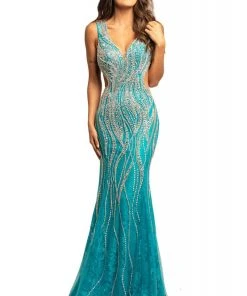 Johnathan Kayne - 2041 Bedazzled Plunging V-neck Trumpet Dress Formal Gowns 11 Johnathan Kayne - 2041 Bedazzled Plunging V-neck Trumpet Dress Formal Gowns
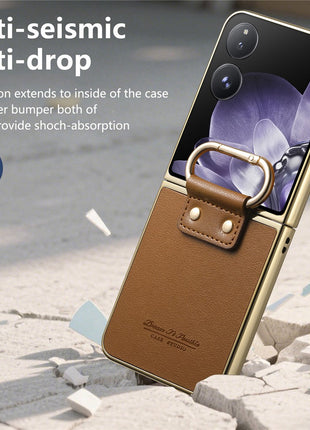 For Xiaomi Mix Flip 5G Case Electroplating Leather Coated PC Phone Cover with Spring Ring Buckle Kickstand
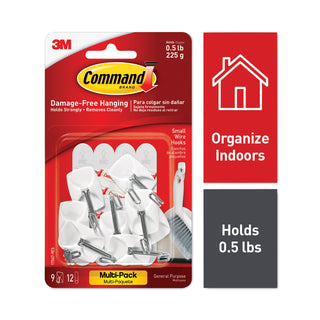 Command™ General Purpose Wire Hooks Multi-Pack, Small, 0.5 lb Cap, White, 9 Hooks and 12 Strips/Pack (MMM170679ES)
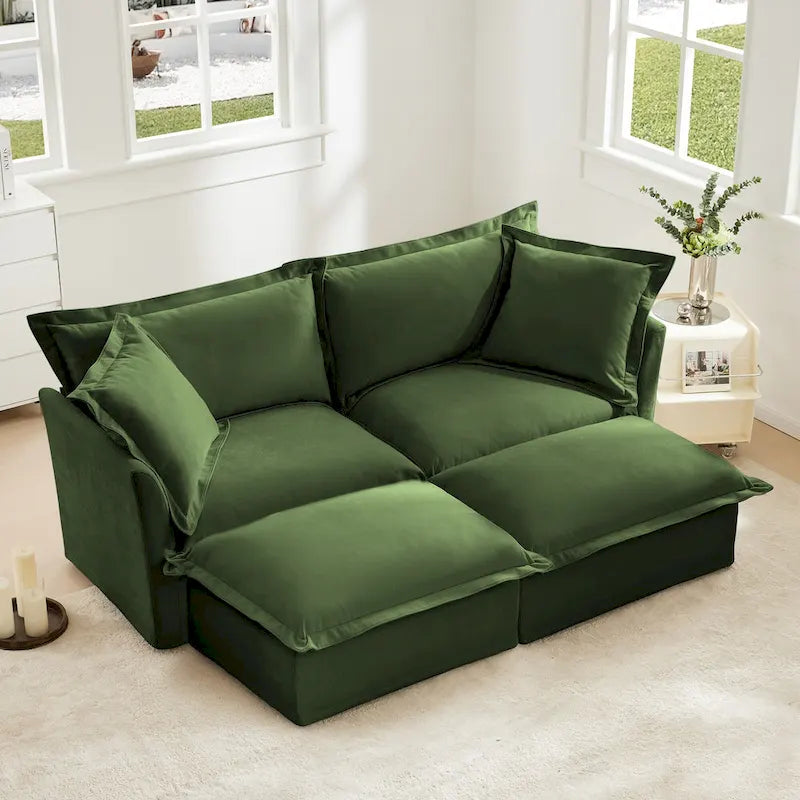 83.4  Chenille 2-Seater Sectional Sofa with Ottomans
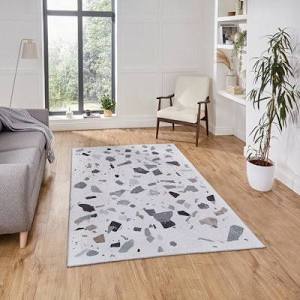 Think Rugs Force K7282 Ivory Grey Abstract Rug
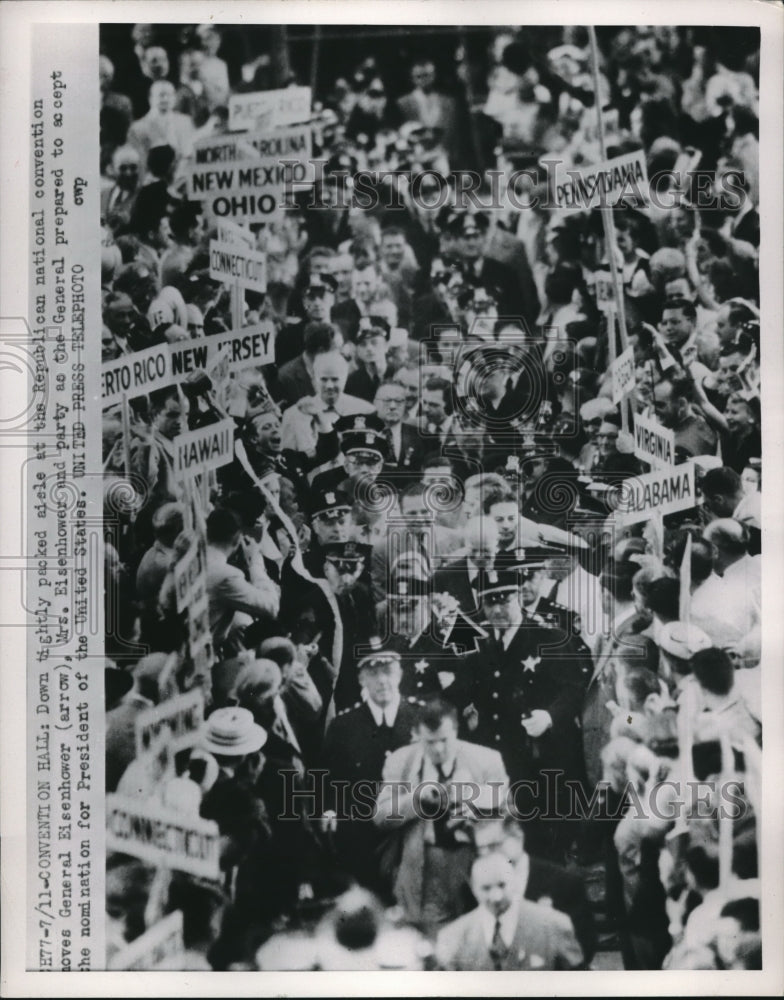 1942 Press Photo General Eisenhower (arrow) preparing to accept nomination. - Historic Images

○ ○ ○

» **Exercise prompt**
Leave the pictures out. Output exactly, and only, the lines from the one with "Think Rugs Force" through the last line of the listing above, both included.

» **Written solution**
 Think Rugs Force K7282 Ivory Grey Abstract Rug
 1942 Press Photo General Eisenhower (arrow) preparing to accept nomination. - Historic Images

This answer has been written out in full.